Where the troubles began
Sears -- like many retailers -- has struggled to compete with Internet retailers including Amazon.com (NASDAQ:AMZN). It has also lost its identity, while competitors Wal-Mart (NYSE:WMT) and Target (NYSE:TGT) have strengthened theirs. Sears feels like a big store that sells a bunch of stuff -- a brand without an identity. Kmart is in even worse shape -- some customers know it as a less-nice Wal-Mart.
"There are tumbleweeds blowing through the parking lots at Kmart. They're basically completely irrelevant," Kernan told CNN Money.

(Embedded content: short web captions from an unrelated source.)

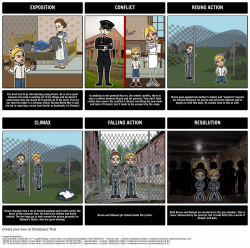 The Boy in the Striped Pajamas by John Boyne - Character Map: As ...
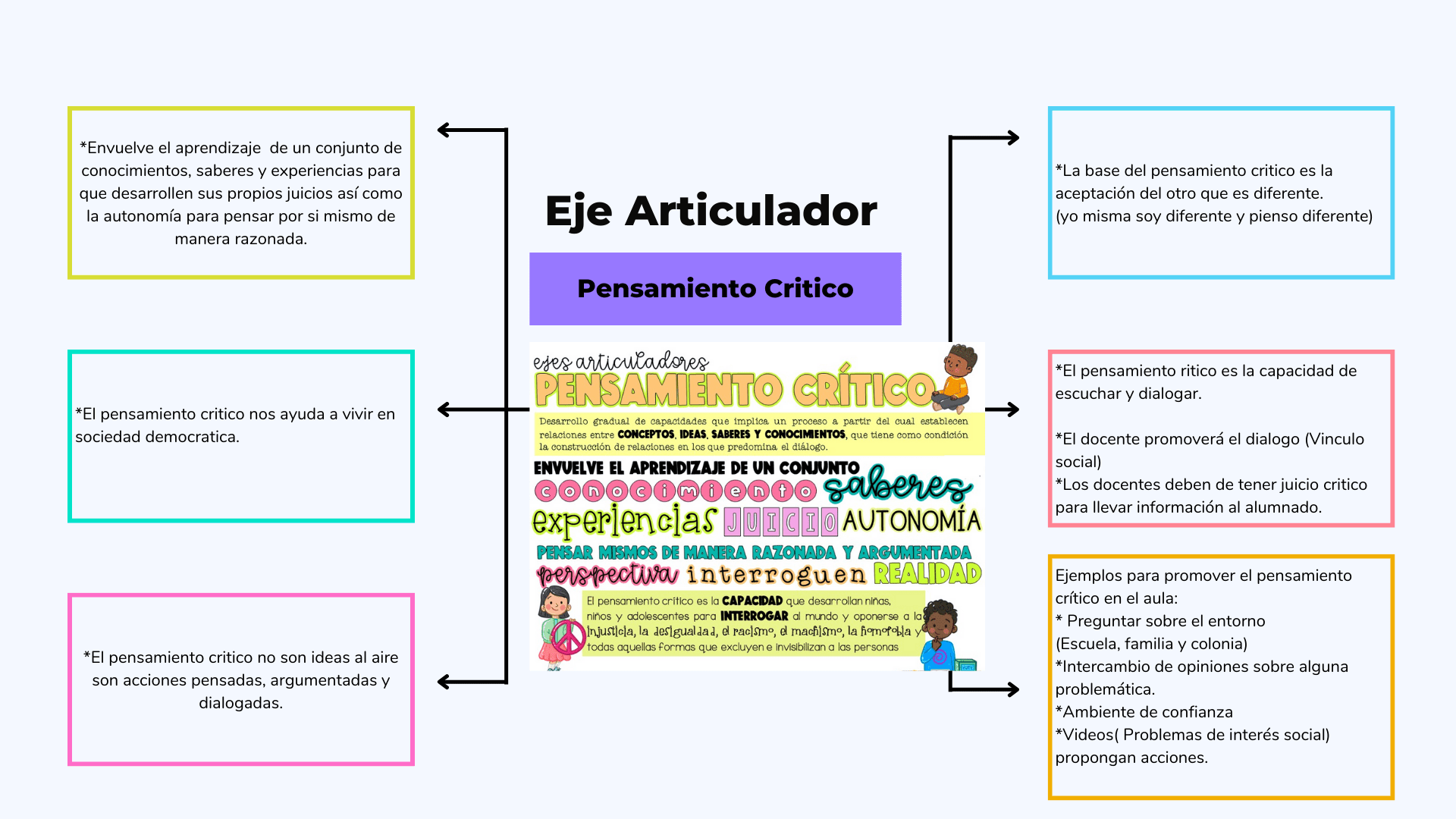 Todo Lo Que Necesitas: Ejes Articuladores - Material Educativo Y ...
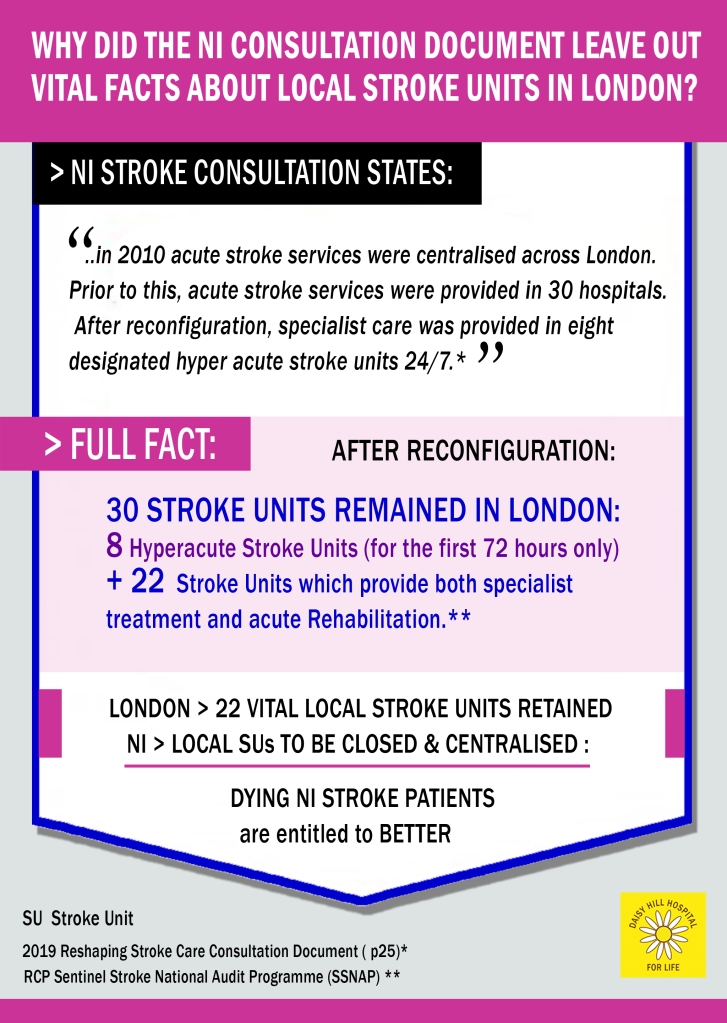 Why did the NI stroke consultation doc leave out vital facts about the remaining 22 local stroke units in London? Is Northern Ireland getting the full picture? 22 local stroke units remain in London as well as 8 Hyperacute units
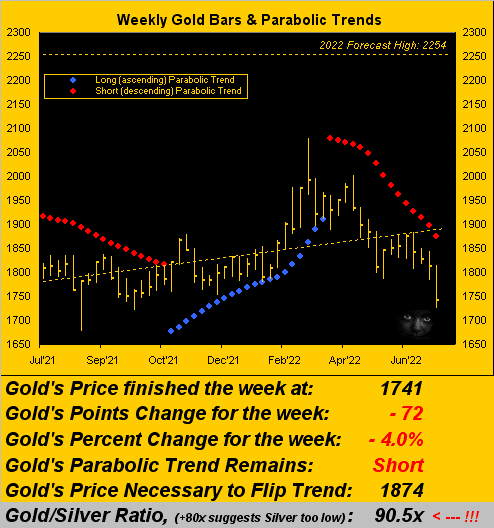 090722_gold_weekly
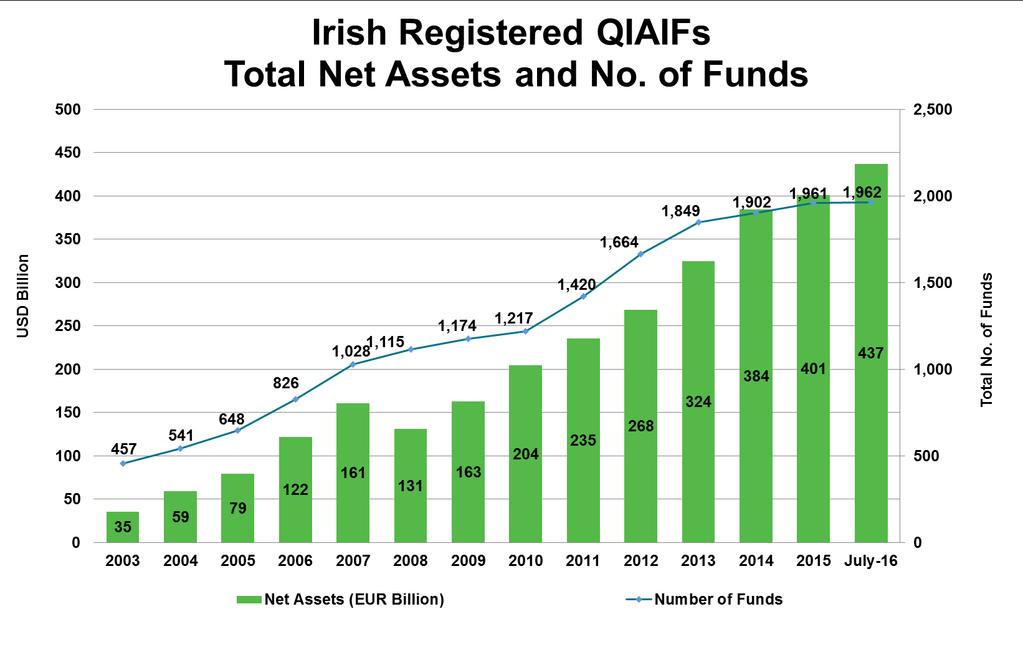 Irish Domiciled Funds: AIFs Qualifying Investor Alternative Investment Funds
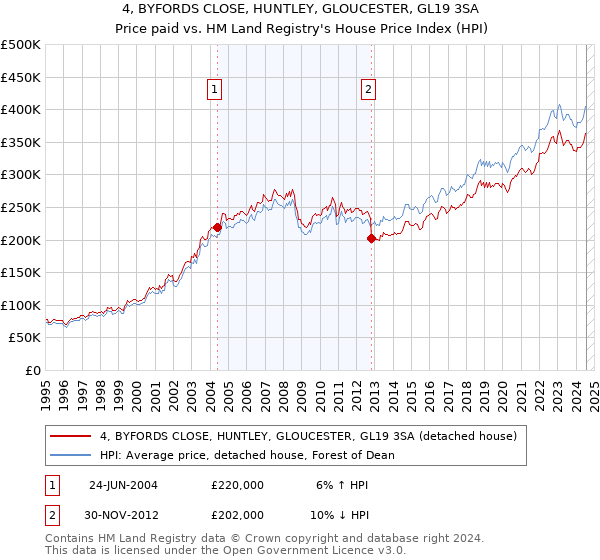 4, BYFORDS CLOSE, HUNTLEY, GLOUCESTER, GL19 3SA: Price paid vs HM Land Registry's House Price Index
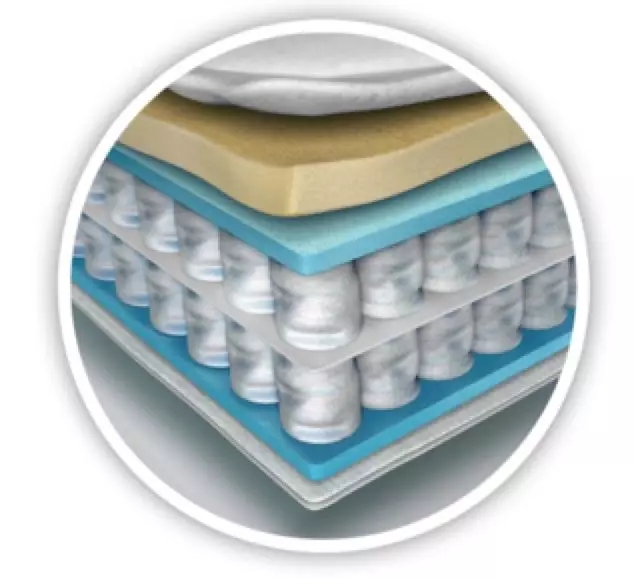 对标市场价4W的床垫，睡了她，才知道再也回不去了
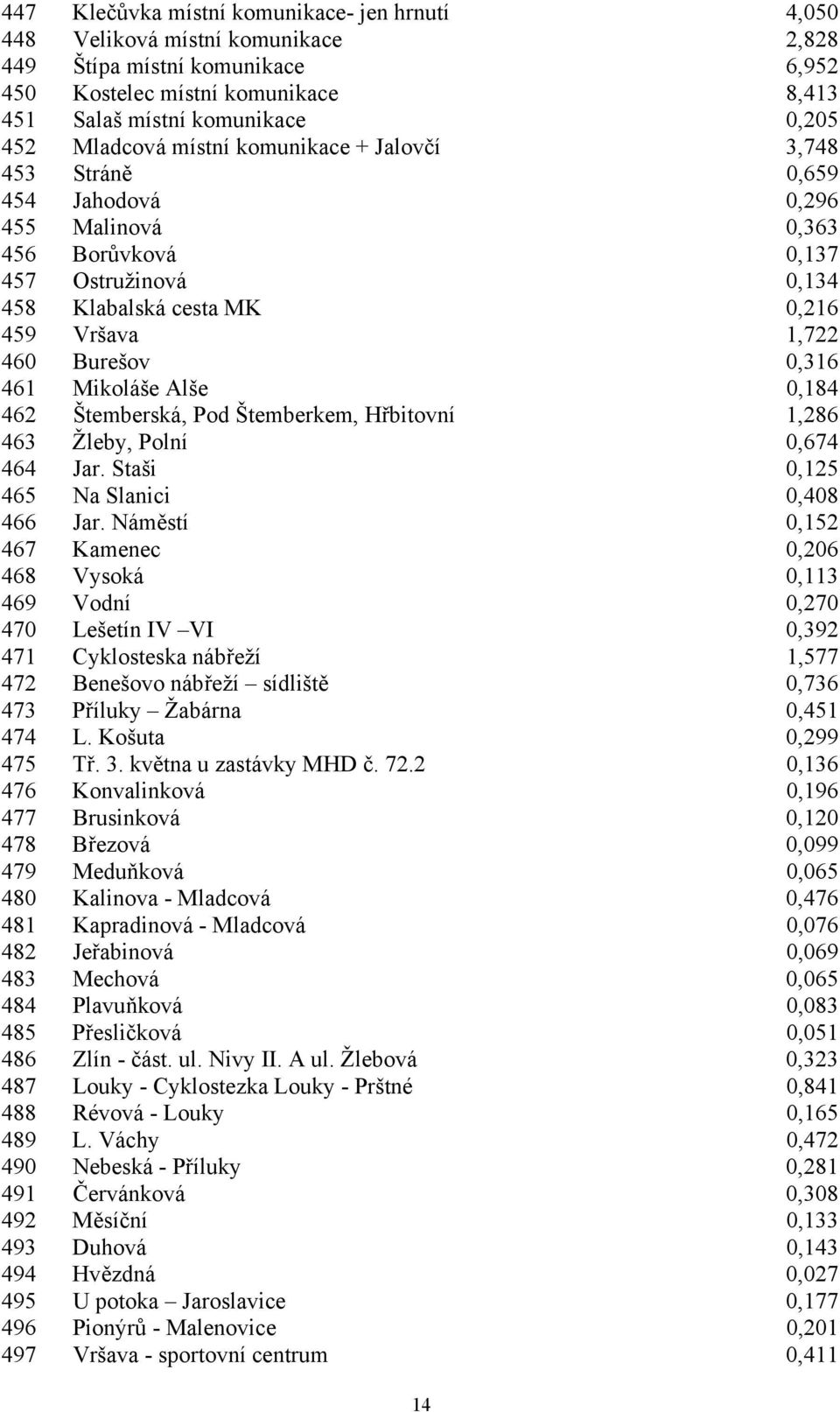 0,316 461 Mikoláše Alše 0,184 462 Štemberská, Pod Štemberkem, Hřbitovní 1,286 463 Žleby, Polní 0,674 464 Jar. Staši 0,125 465 Na Slanici 0,408 466 Jar.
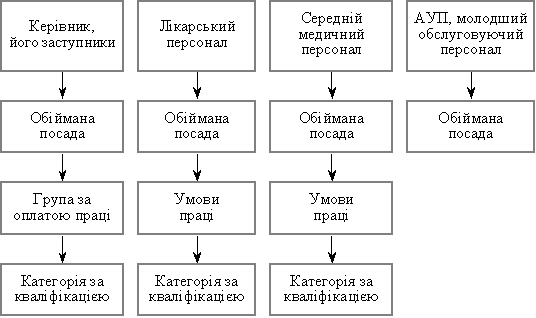 приказы по военному ведомству 1909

Many questioned Lampert's decision to merge Sears and Kmart in 2005 in an $11 billion deal. At the time, Lampert was a hedge fund manager. He has been CEO of the merged company since February 2013 and his 2005 move looks more and more like an albatross that will drag both brands to their doom.
Change or die
The Sears death spiral has already slowed the company's investment in its stores, which in retail quickly becomes a self-fulfilling prophecy. If you don't constantly evolve with new merchandise, new store design, and other innovations, then customers will shop in stores that do. Target and Wal-Mart both aggressively cycle in new merchandise and both chains have invested heavily in new concepts over the past few years.
Target has revamped many stores to sell more fresh groceries and Wal-Mart has rolled out smaller grocery-only stores in parts of the U.S. Those are only two examples of things those companies have done to stay relevant while delivering a shopping experience its customers expect.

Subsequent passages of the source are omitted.